Fairly sure we got this figured out tonight. I’ve added the changes to the head state of svn and git so the fixes are now a part of 1.3.0-RC-8 so no need to wait.
Thanks @Wayne-Workman for the teamviewer which helped us narrow down what the issue was.
For all following along, it basically boiled down to file hashing taking far too long on large files. The checker would fail if the script took longer than 30 seconds and would also fail if the connection time was too long. It would also fail if the connection time was too long (timeout was defaulted to 15 seconds). So by default, if large file was not hashed within 45 seconds, it would fail the snapin completely. The fix, for simplicity sake, is to allow the hashing call to run unlimited and increase the connection timeout to a day. This could’ve been fixed had I kept a hash within DB, but I have a hard time trusting it as if somebody manually updates a file it would always fail the hash.

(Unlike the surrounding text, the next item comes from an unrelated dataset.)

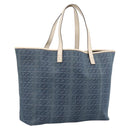 GUCCI Tote Bag Denim Blue 257245 Auth 197817A-1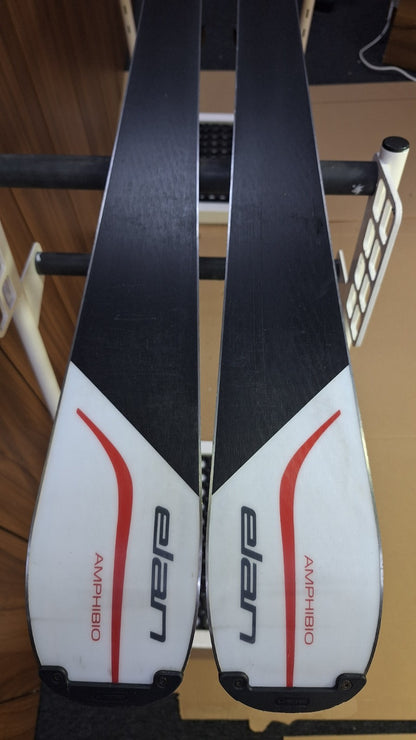 Elan Amphibio 76 176cm Ski + Elan EL 10  Bindings Winter Adventure Outdoor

For Huge snapins (> 5gb) I’d recommend installing the software in your image rather than rely on the snapin system to install them. I say this, because even without hashing, having such a large file (especially spread out to many hosts) will create a lot of bandwidth usage (leaving the server less to perform imaging with if needed) and would be called that number of times to start transferring the file. Add in the hashing (which is another way The client and server help prevent bad files) and you have one big mess of Load and IO access issues.